# Cats and their tails?



## Straysmommy (Dec 23, 2010)

I know little about cats' tails, apart from how to tell their moods by the movement of the tail.

Do your cats like their tails stroked? Or hate it? Are tails off-limits to us? Do they like us to play with their tails?


----------



## MowMow (Nov 6, 2010)

MowMow doesn't like it at all. I can run my hand down his tail as an extension of stroking his back but if I go straight for the tail he leaves.

Shepherd Book lets me run his tail through my fingers and will purr for hours while I do that. 

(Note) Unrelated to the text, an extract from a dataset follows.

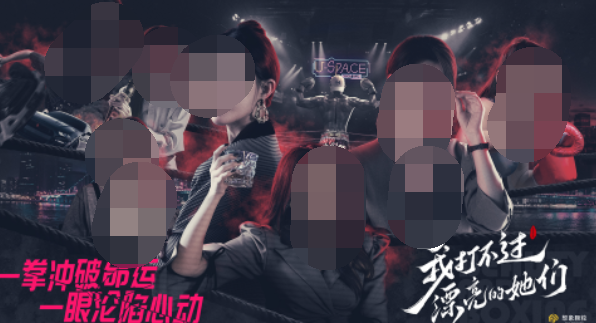 2026好玩的美女游戏大全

Same thing when they are laying on the bed relaxed. MowMow always has his tail tucked close to his body but Book's is always flopping around wherever it lands. Often that is how I know if Mow is very deeply asleep, I'll be able to lift his tail easily and it's not glued to his backside.


----------



## spotty cats (Sep 23, 2011)

Mine are all fine with tail touching, and I raise kittens to be used to all kinds of touching

I can stroke the full length of the cat, hold/pick up their tail whenever I want. My nephews also are allowed to touch tails (and whiskers)


----------



## jusjim (Jun 30, 2009)

Missy is OK with tail touching and I comb it when brushing. She was a little leery at first, but now she trusts me. It's needed to get the loose hair from around the base of the tail.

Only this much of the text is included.